The leaked report was produced by the compliance division of the Ministry of Fisheries in 2012, and reveals widespread fish dumping and under-reporting in the deepwater hoki fishery in New Zealand.
Greenpeace Executive Director, Dr Russel Norman, says the report is profoundly at odds with public material about fishing industry practises that have been released by the Ministry for Primary Industries (MPI), into which the Ministry of Fisheries was merged.
"This report is shocking. It lists a multitude of ways that Fisheries Officers found that fishing companies were seriously under-reporting catches - we’re talking thousands and thousands of tonnes of hoki that has been made to disappear," he says.

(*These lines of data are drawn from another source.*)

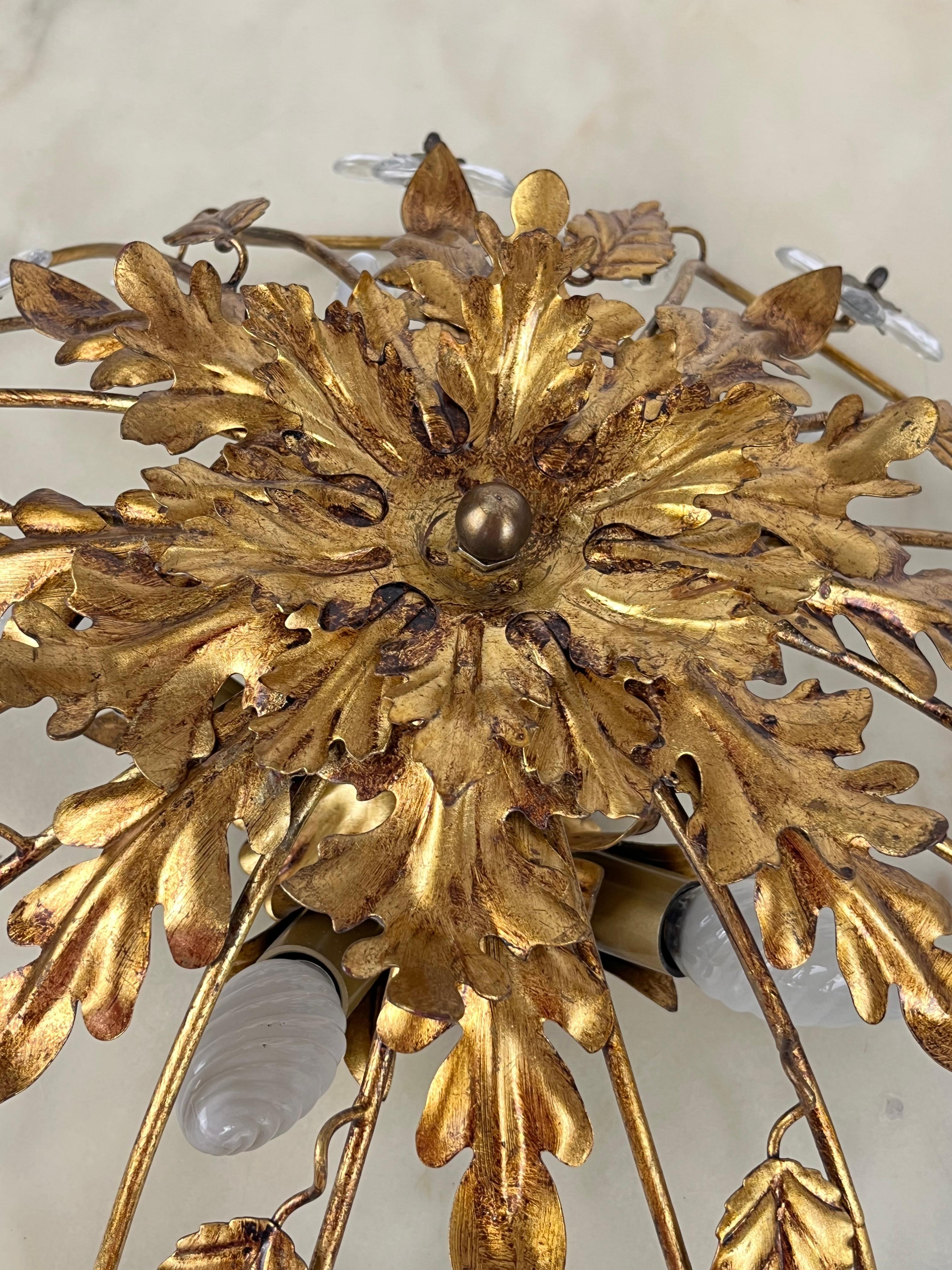 Other Banci Ceiling Light in Gilded Iron and Crystal Flowers Italian Design 1980s For Sale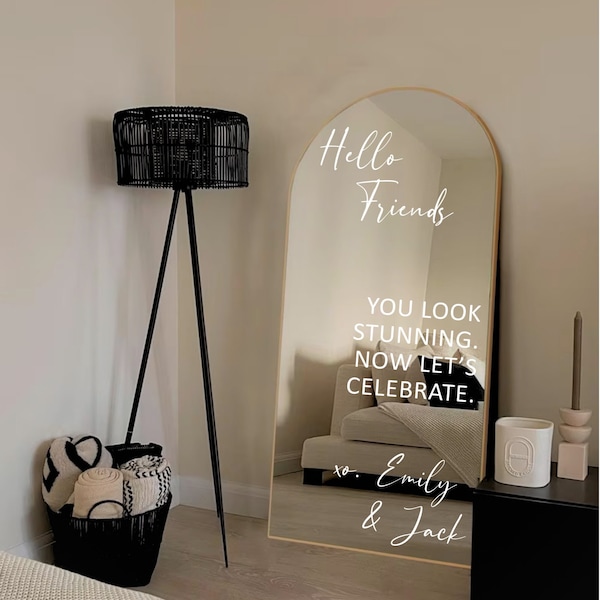 Selfie Mirror Decal for Wedding Entry Sign Hello Friends Now Grab A Drink Mirror Selfie Decal for Wedding Custom Welcome Mirror Sticker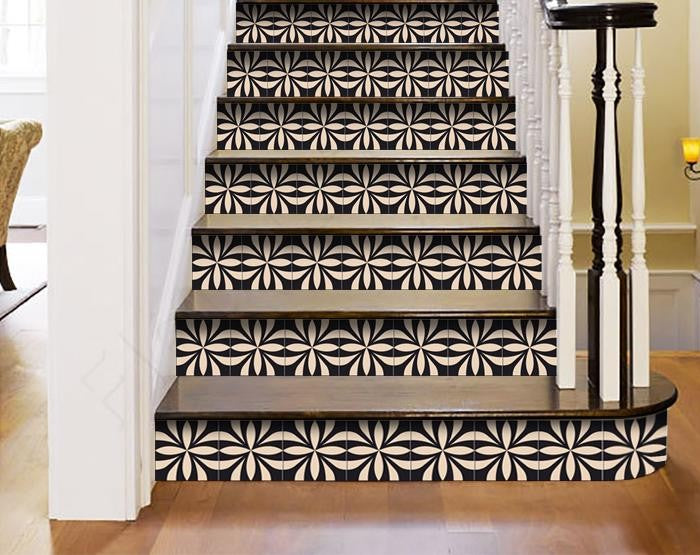 Intertwined Black And Cream Peel And Stick Removable Tiles - 4" x 4"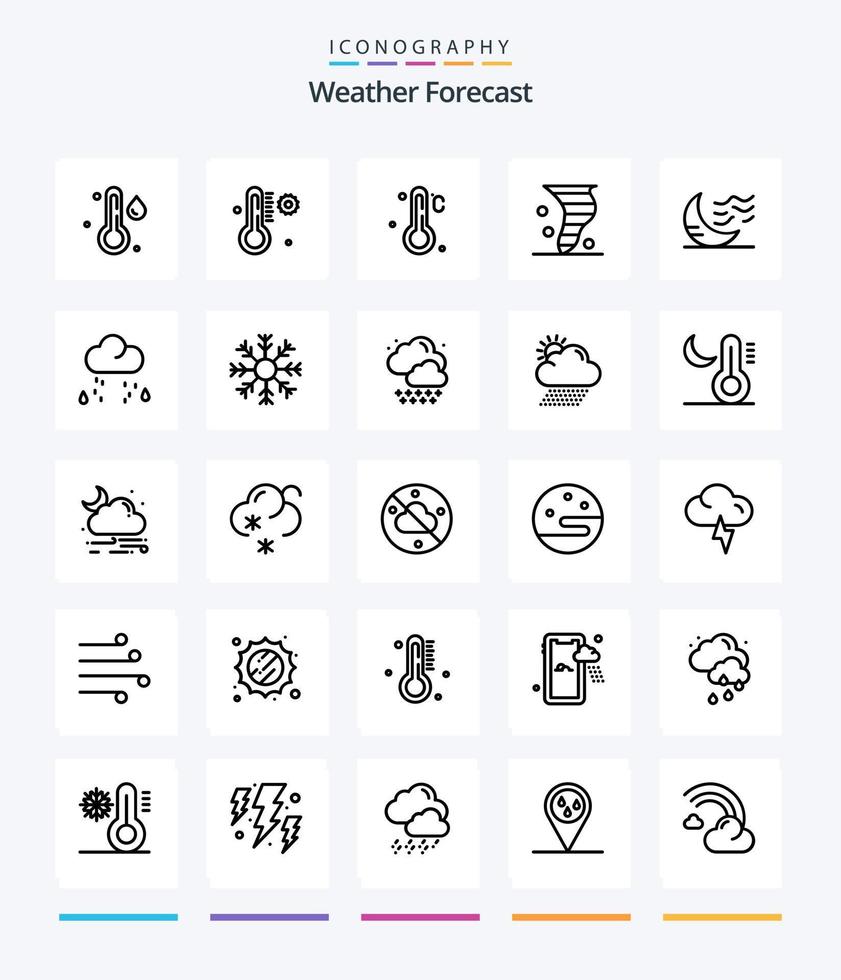 Creative Weather 25 OutLine icon pack  Such As snow. weather. climate. sleep. moon vector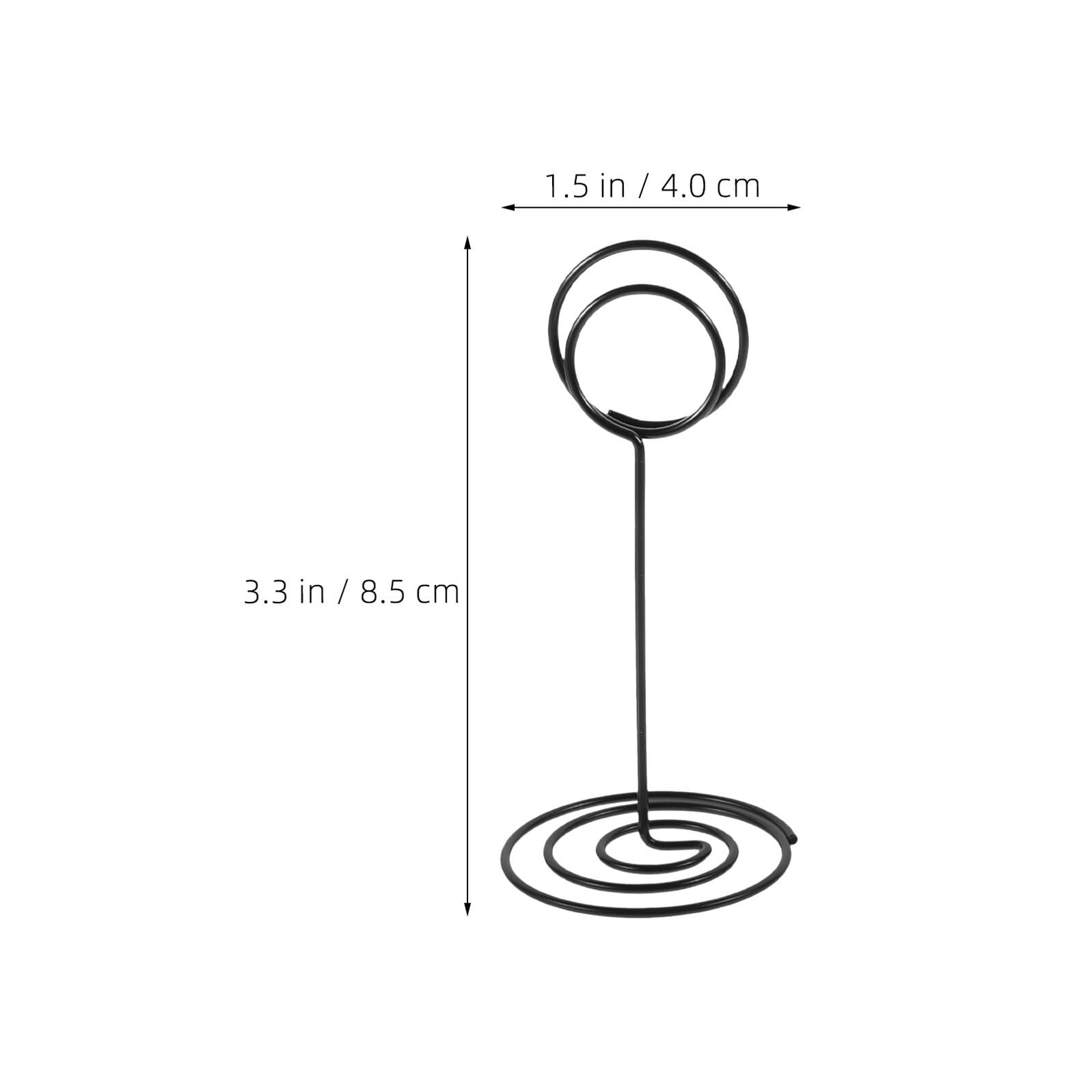 VALICLUD Porte-cartes de Table en Fer Noir, Lot de 4, Support Spiralé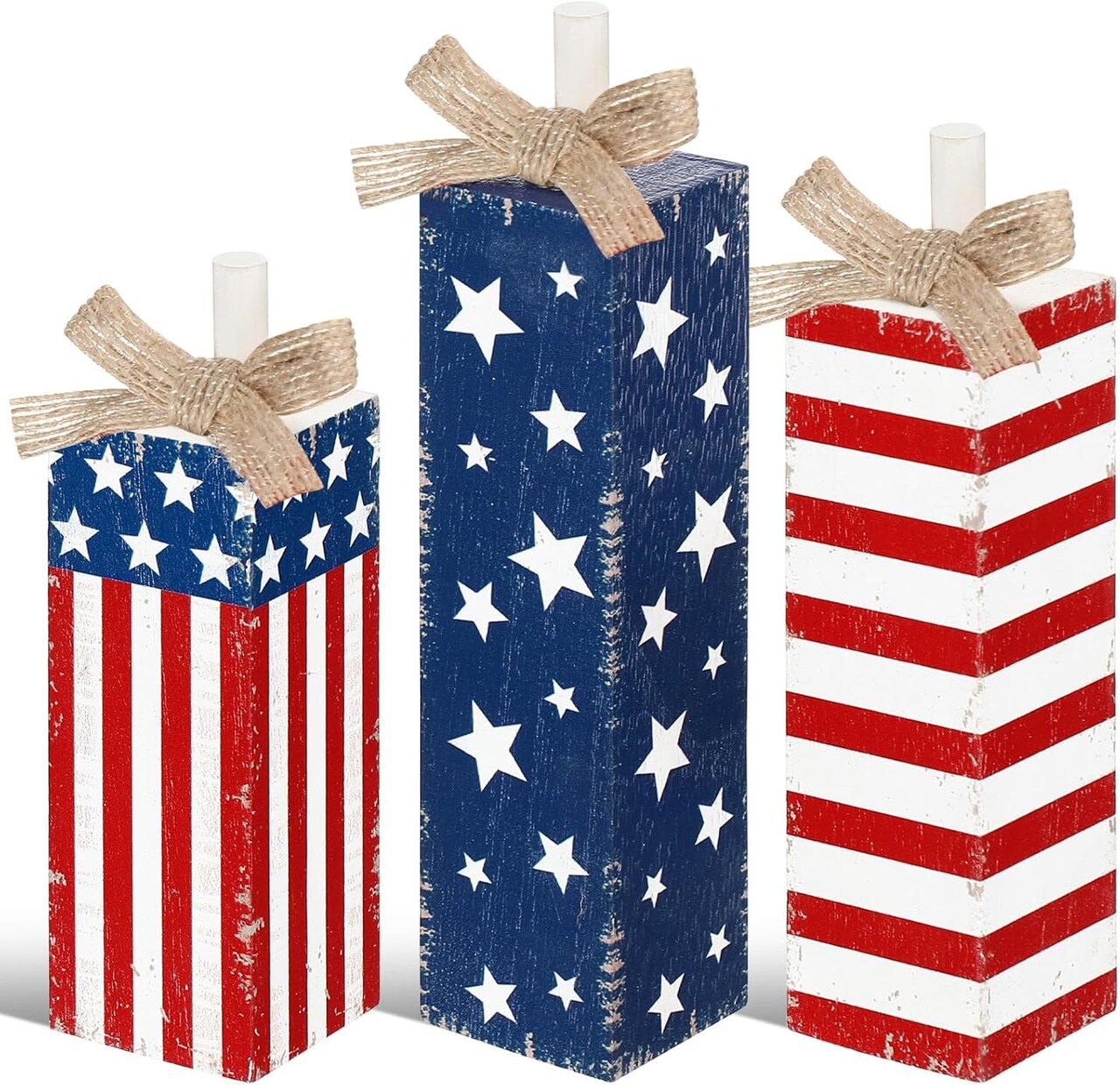 3 Pcs Patriotic Decorations 4th of July Table Decor Red White Blue Decorations Memorial Day Wood Block Sign and Centerpiece for Home Office Independence Day Tiered Tray Decor(Striped Style)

In just one example, Talley’s system of reporting the weight of cartons of fish was described as unlawful by the report, and it was estimated that if this system was applied to all Talley’s hoki fishery, it would result in under-reporting of 780 tonnes a hoki in one season. Carton weight discrepancies also led the authors to conclude that Sanford had under-reported hoki catch by 90 tonnes in a monthly return.
"What it meant was that far more fish were being caught than were being reported under New Zealand’s Quota Management System, resulting in millions of dollars in savings for fishing companies as they didn’t need to purchase quota for the disappeared fish. It also meant that no-one really knew how much fish was being taken," Norman says.
"MPI and the fishing industry have told us that the deepwater fishery was well regulated and managed. They told us that the widespread fish dumping that Greenpeace revealed previously in the inshore fishery was not occurring in the large scale industrial deepwater fishery involving the biggest fishing companies in New Zealand. This leaked report shows that the problems of under-reporting and fish dumping in the deepwater fishery is simply a larger scale version of what happens in the inshore fishery."
MPI had earlier, under the Official Information Act, released an 11 page version of the leaked 141 page report that left out all the important parts, including the critical 45 recommendations made by the compliance team.
Norman says given past experience with MPI, it’s doubtful that many of these recommendations were ever implemented.
"Where are the resulting prosecutions and enforcement actions that resulted from this huge compliance operation?" he says.
"MPI is captured by the fishing industry. We need an independent public inquiry into the fisheries management system and its regulator. But MPI and the seafood industry are trying to prevent this independent inquiry and are instead pushing for an internal review. This leaked report shows why that must not happen.
"MPI simply cannot be trusted to tell the truth or regulate the industry. Just last year when they didn’t prosecute anyone after their own video cameras exposed widespread fish dumping in the inshore fishery, MPI claimed the decision not to prosecute was due to legal advice. But it turned out that legal advice did not exist. MPI simply didn’t tell the truth."
"As the report itself says, when the Ministry of Fisheries set catch levels for hoki, they claimed there was no reliable estimate of the level of dumping. However, this had in fact already been produced by Ministry scientists."